BEGIN Input records

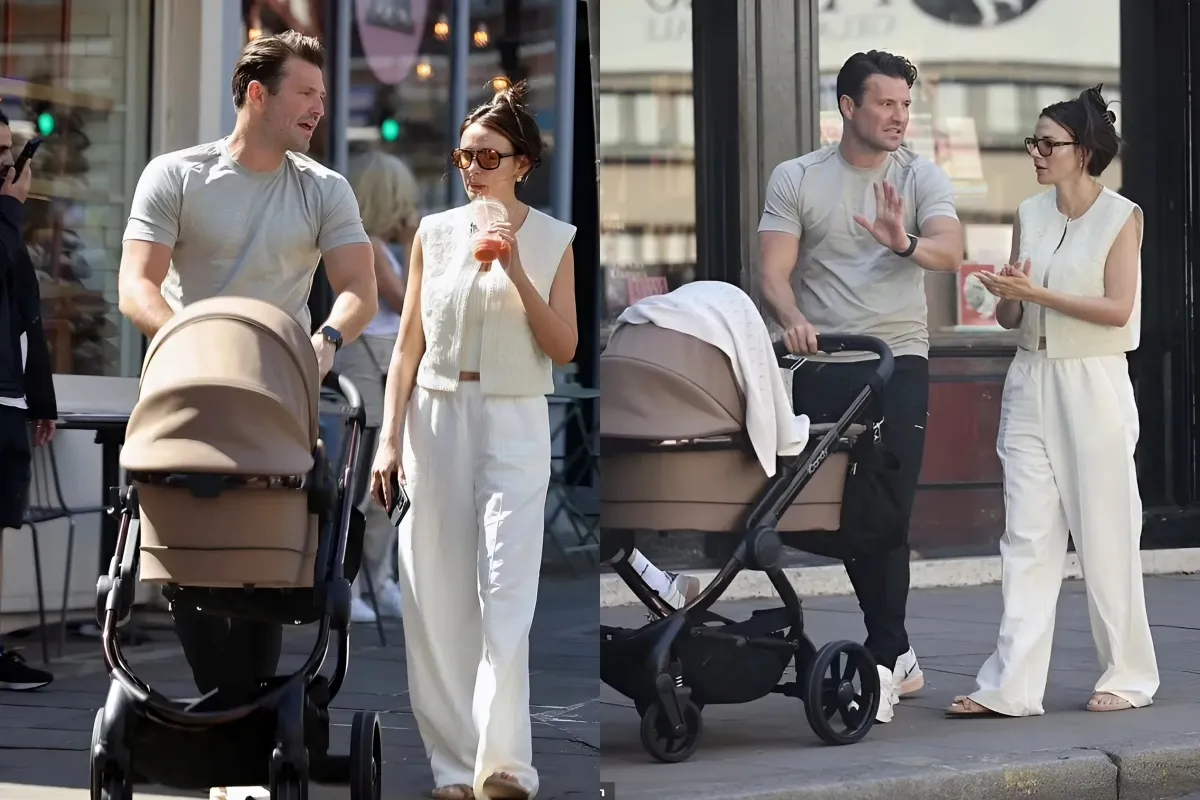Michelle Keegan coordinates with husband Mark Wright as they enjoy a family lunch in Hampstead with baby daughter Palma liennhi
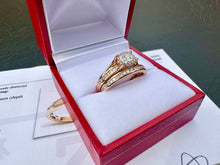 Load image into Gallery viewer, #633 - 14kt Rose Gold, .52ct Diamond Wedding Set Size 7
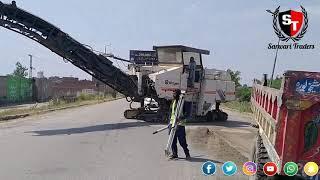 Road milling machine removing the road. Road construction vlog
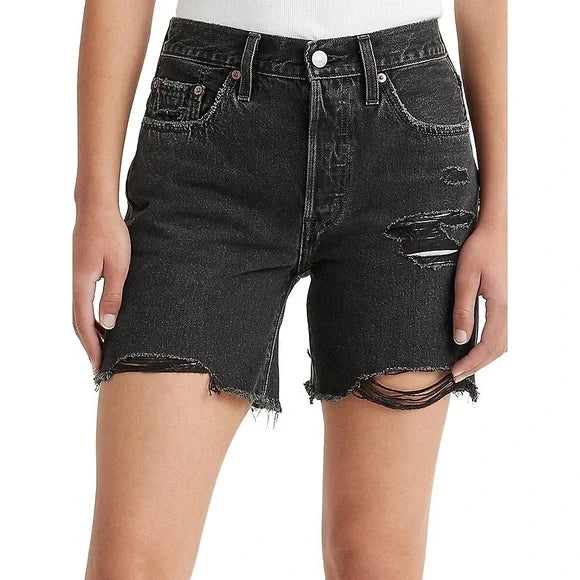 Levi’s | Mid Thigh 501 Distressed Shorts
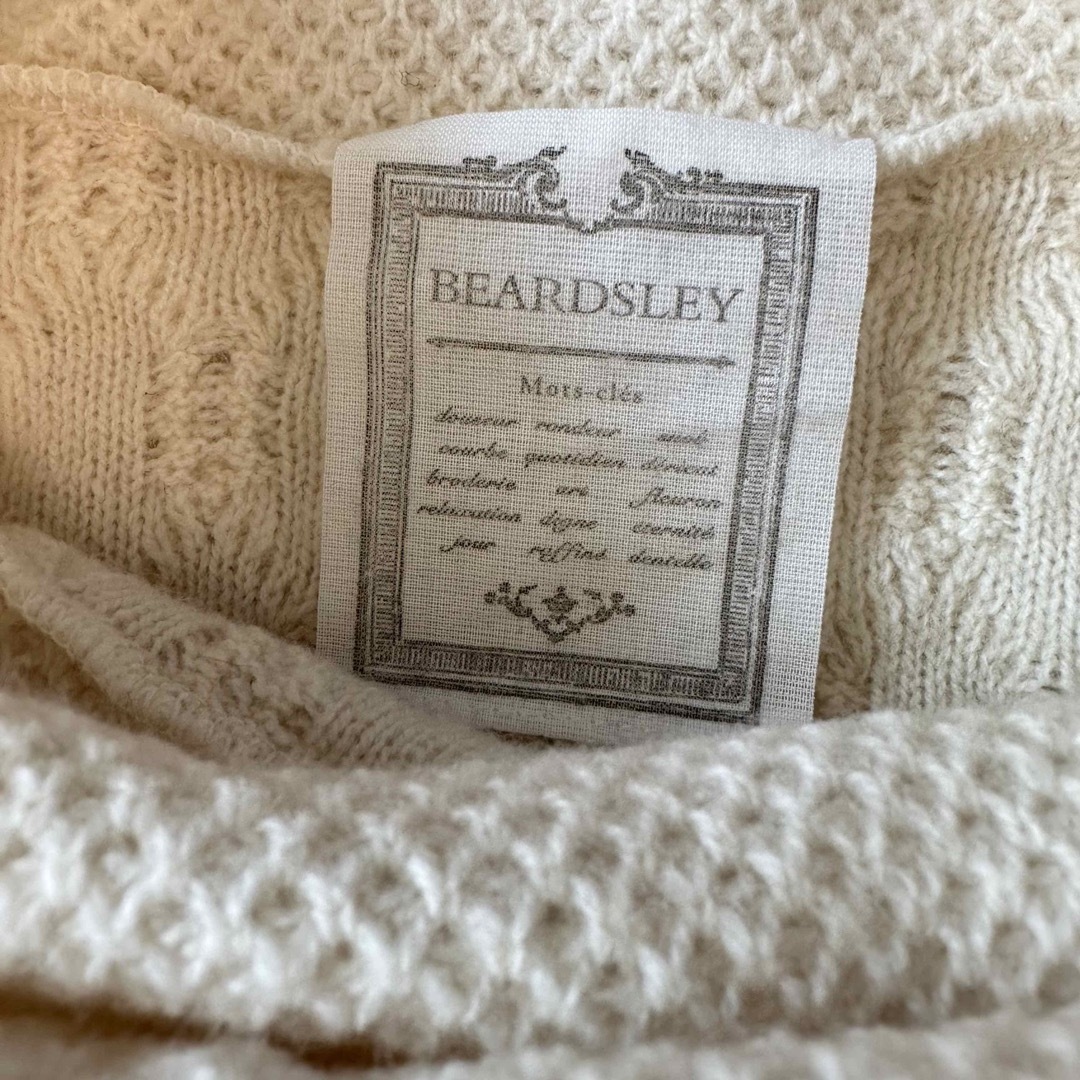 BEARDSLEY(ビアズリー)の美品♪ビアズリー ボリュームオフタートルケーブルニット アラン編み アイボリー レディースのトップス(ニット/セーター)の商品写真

END Input records

Goal of the exercise: Pictures must be left out. Return verbatim only the lines from the line with "Road milling machine" through the final line of the material above, including both ends.

Written answer:
 Road milling machine removing the road. Road construction vlog
 Levi’s | Mid Thigh 501 Distressed Shorts
 BEARDSLEY(ビアズリー)の美品♪ビアズリー ボリュームオフタートルケーブルニット アラン編み アイボリー レディースのトップス(ニット/セーター)の商品写真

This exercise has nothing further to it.